After the search is finished, we compare the results to our previous results. We can see that optimizing in this augmented search space allows Syne Tune to find a much better performing hyperparameter configuration in the same amount of time.

In [None]:
from syne_tune.experiments import load_experiment
exp_model_choice = load_experiment(tuner.name)
df_model_choice = exp_model_choice.results

plt.figure(dpi=200)


traj = df_hyperparameters['test_accuracy'].cummax()
runtime = df_hyperparameters['st_tuner_time']
plt.plot(runtime, traj, label='Hyperparameters not including model type')

traj = df_model_choice['test_accuracy'].cummax()
runtime = df_model_choice['st_tuner_time']
plt.plot(runtime, traj, label='Hyperparameters including model type')

df_default = df_model_choice[df_model_choice['trial_id'] == 0]
traj = df_default['test_accuracy'].cummax()
runtime = df_default['st_tuner_time']
plt.plot(runtime, traj, 'ro')

plt.legend()
plt.ylabel('test accuracy')
plt.xlabel('wall-clock time (seconds)')

## Optimize the Instance Type

Last, we additionally automate the selection of the instance type for deploying the model later. While this will not affect predictive performance, the instance type influences the latency and the cost of training the model.
Thus, we do not optimize a single objective anymore but multiple objectives at the same time. The results is not a single configuration but a set of configuratios that optimially trade-off one metric vs the other.

The same as with the model choice, we will add an additional categorical hyperparameter that determines the instance type. For this example, we have to use the SageMaker backend of Syne Tune, which evaluates each hyperparameter configuration in a single SageMaker Training Job.

In [None]:
from sagemaker.huggingface import HuggingFace


instance_types = ['ml.g4dn.xlarge', 'ml.g4dn.2xlarge', 'ml.p2.xlarge', 'ml.g4dn.4xlarge',
                  'ml.g4dn.8xlarge', 'ml.p3.2xlarge']

config_space['st_instance_type'] = choice(instance_types)

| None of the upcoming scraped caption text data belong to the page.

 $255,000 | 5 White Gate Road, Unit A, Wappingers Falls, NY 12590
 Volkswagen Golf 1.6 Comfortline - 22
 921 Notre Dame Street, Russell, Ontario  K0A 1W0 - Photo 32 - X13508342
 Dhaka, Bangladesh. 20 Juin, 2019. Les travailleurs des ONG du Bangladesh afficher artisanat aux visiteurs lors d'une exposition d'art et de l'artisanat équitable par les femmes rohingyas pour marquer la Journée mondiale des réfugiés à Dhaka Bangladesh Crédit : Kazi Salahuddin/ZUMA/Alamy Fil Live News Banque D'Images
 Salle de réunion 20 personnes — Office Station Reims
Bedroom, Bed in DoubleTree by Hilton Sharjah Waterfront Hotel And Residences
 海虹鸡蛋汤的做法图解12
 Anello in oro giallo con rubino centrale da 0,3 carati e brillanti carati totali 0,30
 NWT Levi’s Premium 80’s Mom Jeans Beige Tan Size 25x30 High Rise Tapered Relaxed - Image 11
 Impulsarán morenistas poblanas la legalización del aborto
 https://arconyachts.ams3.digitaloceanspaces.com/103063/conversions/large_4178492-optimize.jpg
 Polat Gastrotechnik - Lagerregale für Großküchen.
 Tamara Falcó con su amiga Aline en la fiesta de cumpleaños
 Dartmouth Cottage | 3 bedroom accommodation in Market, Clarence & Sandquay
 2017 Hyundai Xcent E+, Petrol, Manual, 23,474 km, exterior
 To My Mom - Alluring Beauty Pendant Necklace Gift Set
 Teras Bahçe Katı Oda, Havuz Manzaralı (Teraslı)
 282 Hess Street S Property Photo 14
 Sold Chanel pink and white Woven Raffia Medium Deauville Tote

backend = SagemakerBackend(
    sm_estimator=HuggingFace(
        entry_point=str('run_glue.py'),
        source_dir=os.getcwd(),
        base_job_name='glue-moasha',
        # instance-type given here are override by Syne Tune with values sampled from `st_instance_type`.
        instance_type='ml.m5.large',
        instance_count=1,
        py_version="py38",
        pytorch_version='1.9',
        transformers_version='4.12',
        max_run=3600,
        role=get_execution_role(),
    ),
)

Instead of single-objective ASHA, we now use MO-ASHA to optimize multiple objective simultaneously. 

In [None]:
from syne_tune.constants import ST_WORKER_COST

scheduler = MOASHA(
    max_t=num_train_epochs,
    time_attr=resource_attribute,
    metrics=[metric, 'latency', ST_WORKER_COST],
    mode=[mode, 'min', 'min'],
    config_space=config_space,
)
stop_criterion = StoppingCriterion(max_wallclock_time=10800)
tuner = Tuner(
    backend=backend,
    scheduler=scheduler,
    stop_criterion=stop_criterion,
    n_workers=4,
)
tuner.run()

Below we plot the latency and cost of all configurations that we trained for the full amount of epochs. The color indicated the instance type. We also plot the Pareto front (dashed black line), i.e the set of configurations that dominate all other configurations in at least one objective and equally well in all other objectives.

In [None]:
import numpy as np

from syne_tune.constants import ST_WORKER_COST
from syne_tune.experiments import load_experiment


def is_pareto_efficient(costs, return_mask = True):
    """
    Find the pareto-efficient points
    :param costs: An (n_points, n_costs) array
    :param return_mask: True to return a mask
    :return: An array of indices of pareto-efficient points.
        If return_mask is True, this will be an (n_points, ) boolean array
        Otherwise it will be a (n_efficient_points, ) integer array of indices.
    """
    is_efficient = np.arange(costs.shape[0])
    n_points = costs.shape[0]
    next_point_index = 0  # Next index in the is_efficient array to search for
    while next_point_index<len(costs):
        nondominated_point_mask = np.any(costs<costs[next_point_index], axis=1)
        nondominated_point_mask[next_point_index] = True
        is_efficient = is_efficient[nondominated_point_mask]  # Remove dominated points
        costs = costs[nondominated_point_mask]
        next_point_index = np.sum(nondominated_point_mask[:next_point_index])+1
    if return_mask:
        is_efficient_mask = np.zeros(n_points, dtype = bool)
        is_efficient_mask[is_efficient] = True
        return is_efficient_mask
    else:
        return is_efficient

exp = load_experiment(tuner.name)
df = exp.results
metric_name = 'test_accuracy'

df = df[df['epoch'] == 3]

markers = ['o', 'D', 's', 'x', 'p', 'h']

plt.figure(dpi=200)

x = df['latency']
y = 1 - df[metric_name]

data = np.array([x, y]).T
idx = is_pareto_efficient(data)
sort = np.argsort(data[idx, 0])
plt.step(data[idx, 0][sort], data[idx, 1][sort], linestyle='--', color='k', where='post')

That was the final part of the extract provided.